Great things are only possible with outrageous requests. – Thea Alexander

Instead, focus on getting the job you love, not just any job.  In difficult times, it is not enough to go after just any job.  Getting just any job will be difficult, and you won’t have the interest to see it through.  But a job that you really care about will be just as difficult, and you will have something extra to get you through the ups and downs inevitable in every tough job search.

Focus on the intangibles (e.g., boss and colleagues, office culture, room for growth), not just on the basic job elements (e.g., title, salary, security).  You want to like where you work, and you want to establish career momentum.  Aiming for being lucky enough to get a job is not going to be high enough to get anything.  The higher you aim, the more likely you get more.

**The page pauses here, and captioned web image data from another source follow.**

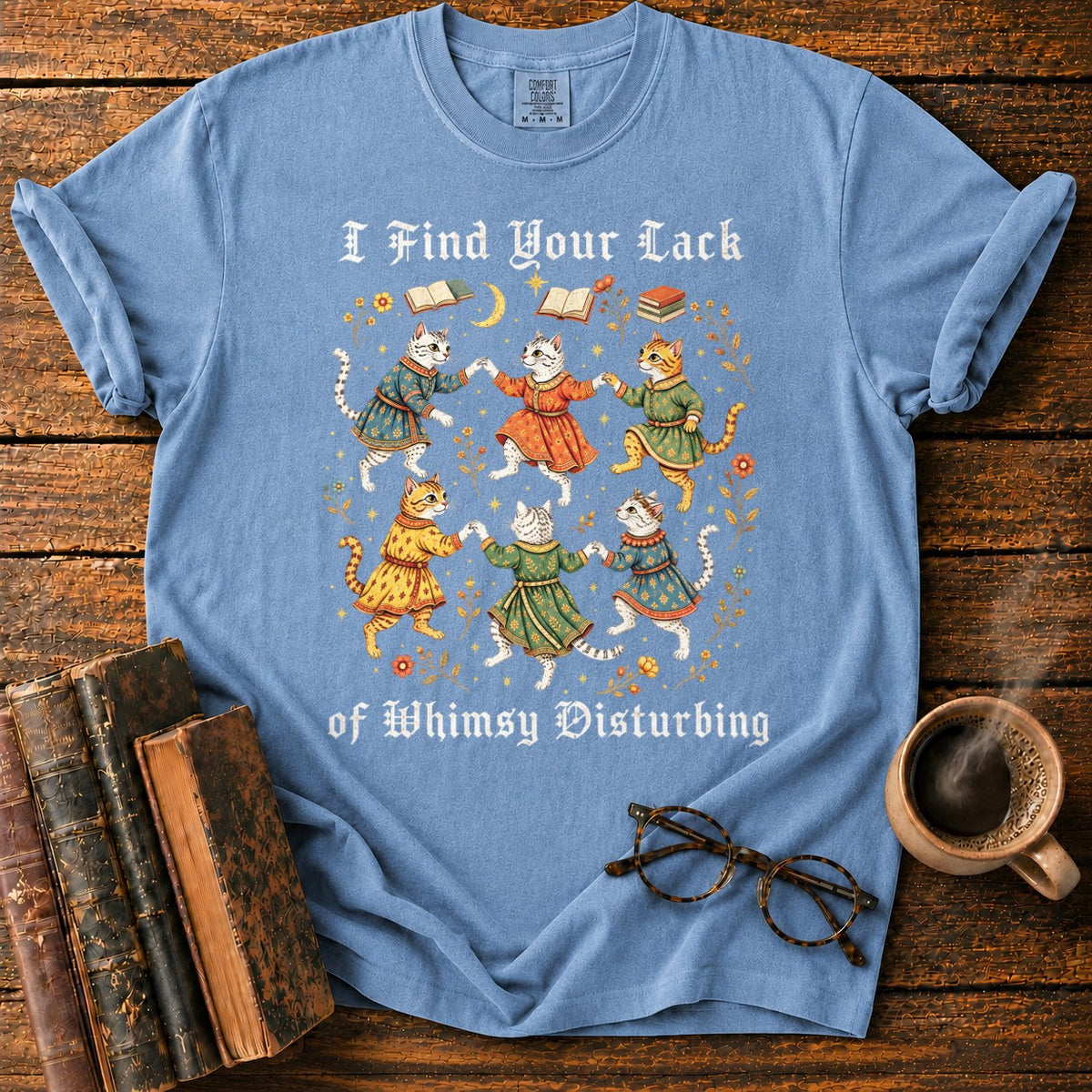 Gothic Dancing Cats Among Books And Flowers T-Shirt in Blue Jean – BooksThreads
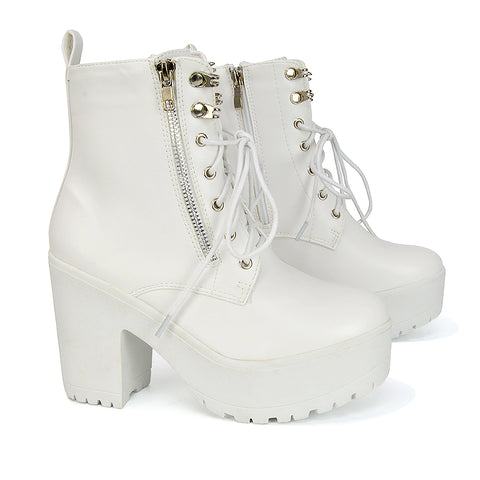 Harlin Combat Platform Block High Heel Ankle Boots in White Synthetic Leather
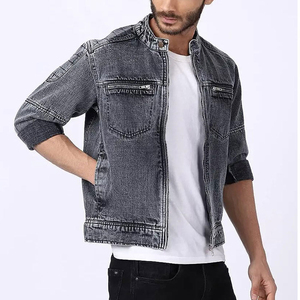 La chaqueta de mezclilla de hombre de color personalizado más cómoda con precio de calidad barato negro en precio al por mayor chaqueta de mezclilla OEM con servicio - Product Image 4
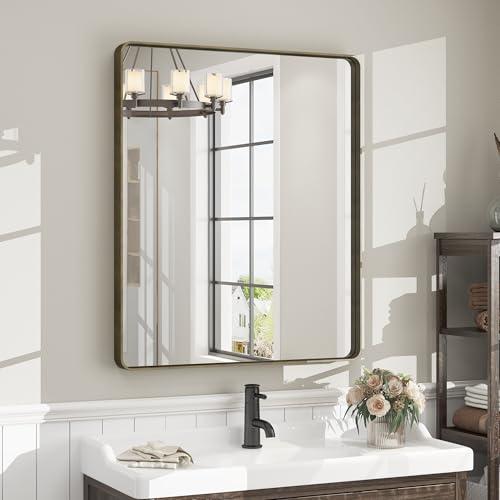 CHARMOR 28x32 Bronze Bathroom Mirror, Brushed Metal Bathroom Vanity Mirrors for Wall, Rounded Corner Bronze Rectangle Mirror for Farmhouse, Bedroom, Anti-Rust (Horizontal/Vertical)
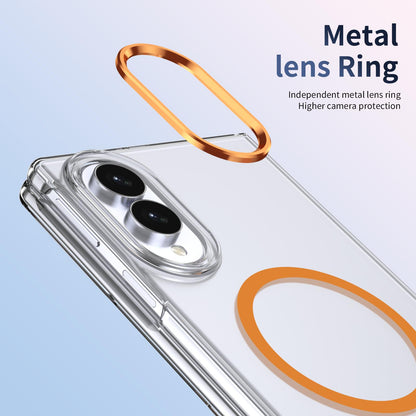 For Galaxy Z Fold8 5G lce Folding Series MagSafe Integrated Clear PC Phone Case - Orange - EDA007451813B
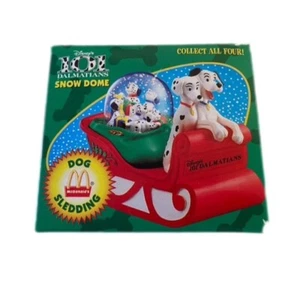 VINTAGE Disney McDonald’s 101 Dalmations Snow Dome Dog Sledding Ornament 1996 - Picture 1 of 8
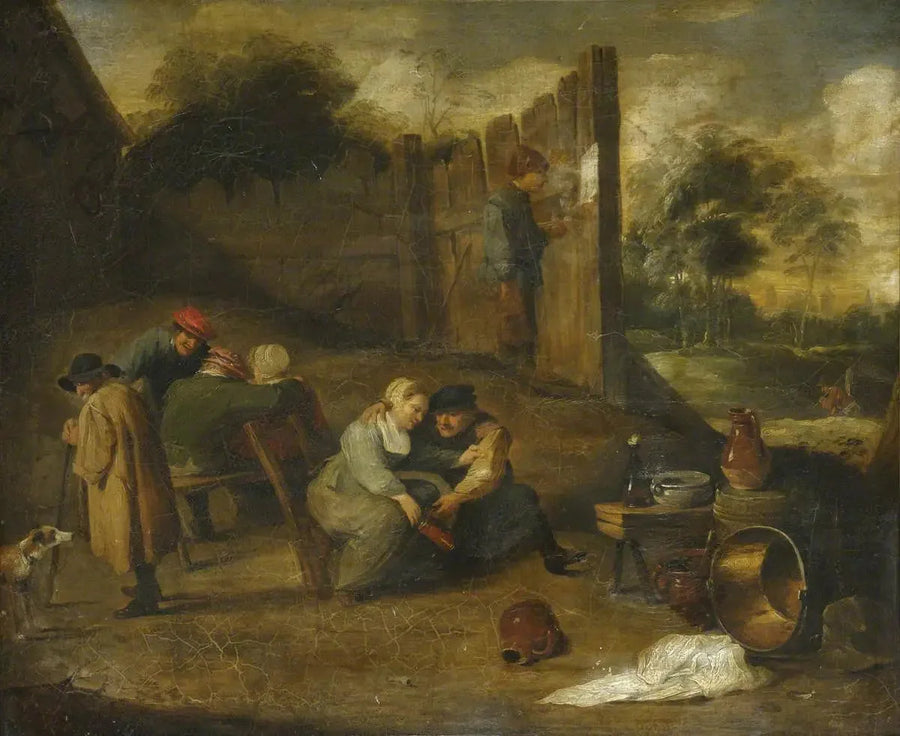 En grupp bönder framför en taverna - David Teniers den yngre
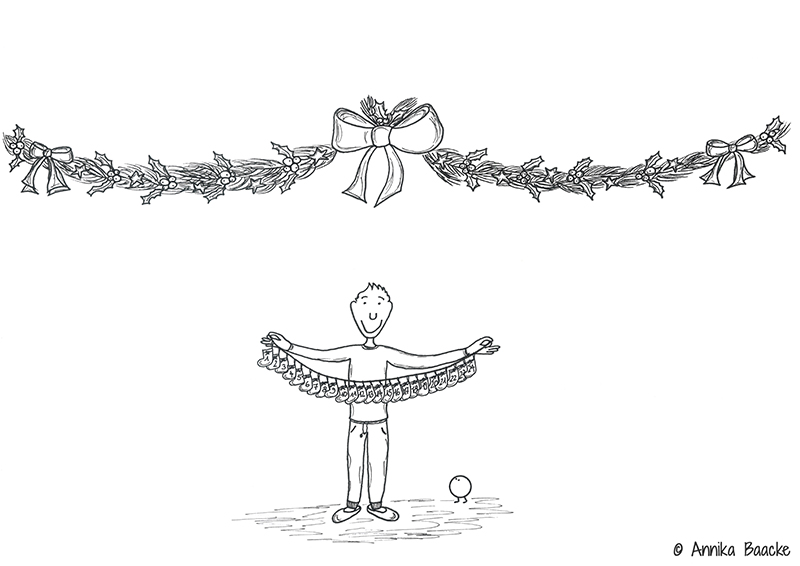 Comicfigur unter einer Weihnachtsgirlande mit Adventskalender in den Händen - Copyright: Annika Baacke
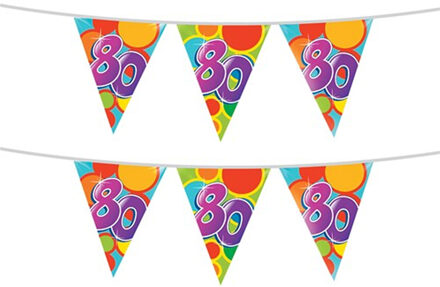 Haza 2x stuks leeftijd verjaardag thema vlaggetjes 80 jaar plastic 10 meter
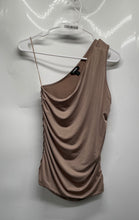 Load image into Gallery viewer, Express Womens Brown Ruched One Shoulder Sleeveless Pullover Blouse Top Size M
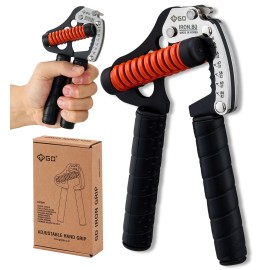 GD IRON GRIP Grip Strength Trainer Adjustable Hand Gripper Strengthener Hand Grip Exerciser Wrist Strengtheners Silent & Durable - Forearm, Finger & Hand Strength Training for Athletes, Climbers & Rehabilitation (4. IG 12LV SILICONE GRIP (26~181lbs))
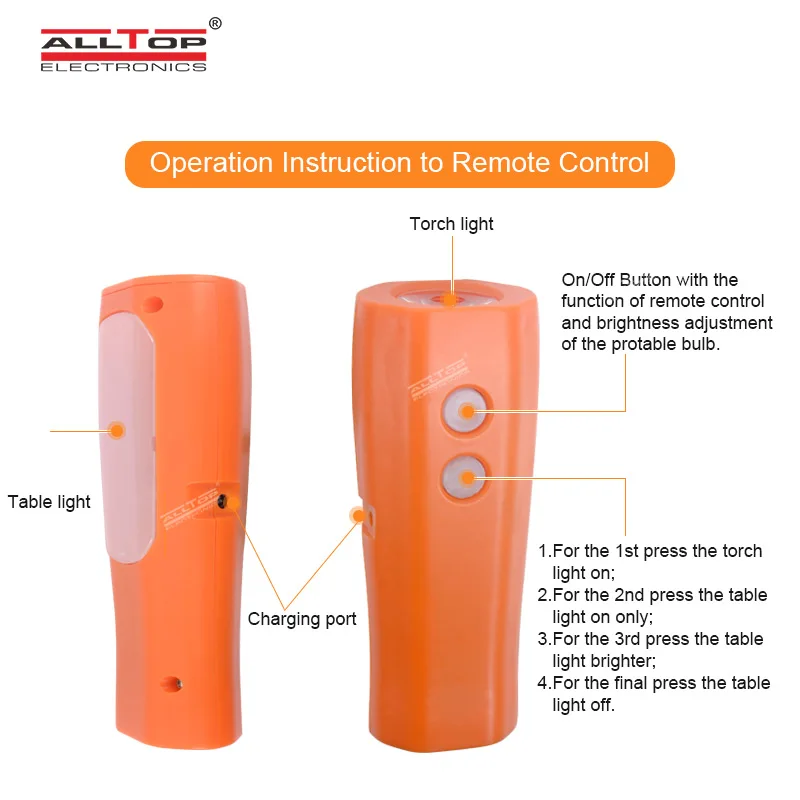 ALLTOP Manufacturers Direct Long Lighting Led Rechargeable Bulbs Camping Solar Emergency Light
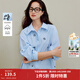 茵曼2025秋冬女裝新款原創(chuàng  )萌寵刺繡條紋襯衫休閑慵懶寬松襯衣上衣 藍白條 M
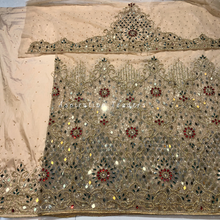 Load image into Gallery viewer, Iconic Gold Heavy Mirror Work With Fringes & Crystal stone beaded George Wrapper Set - NLDG292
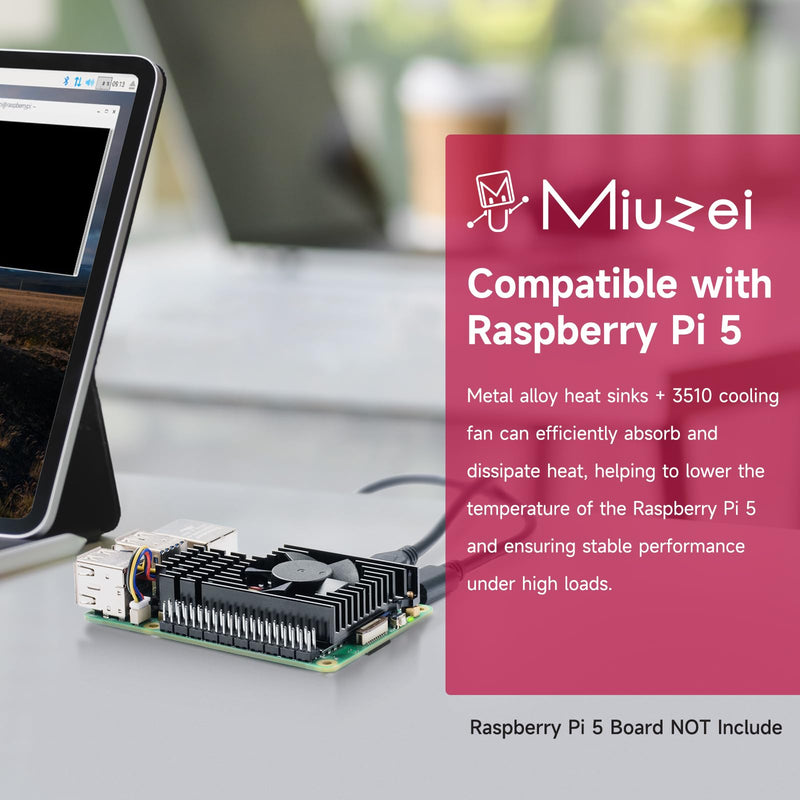 Miuzei Heatsink for Raspberry Pi 5 with Active Cooler Fan, Raspi5 Metal Cooling Case Cooler with PWM Active Fan, Aluminium Heatsink and Cooling Fan for Raspberry Pi 5 4GB/8GB Black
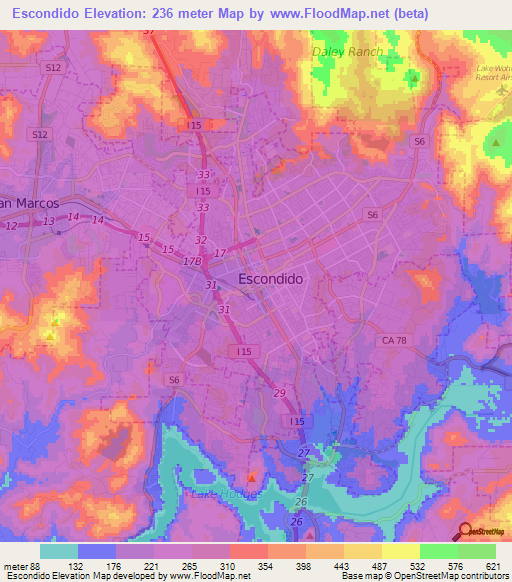 Escondido,US Elevation Map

Focus on the long-term, despite the short-term urgency.  I absolutely coach my clients to be realistic about their cash position and personal circumstances, which may require that they take consulting, temporary or even less-than-ideal full-time jobs if their obligations dictate that.  There may be moves you make in the immediate term that will move you off your idealized long-term path.  But then you must immediately get back on there.  Don’t get complacent in your underutilized role.  Keep with the search, and dial it up a notch now that you have regained some breathing room.  It is a big mistake that many jobseekers make to get a comfortable job and forget the urgency to push for something more.  Remember you are managing a career, not any one job.

It may seem counterintuitive (and outrageous) given the tight market to recommend you shoot for the moon.  But that stretch is what you need to get anything accomplished when times are difficult.  You may as well stretch towards the direction you really want to go.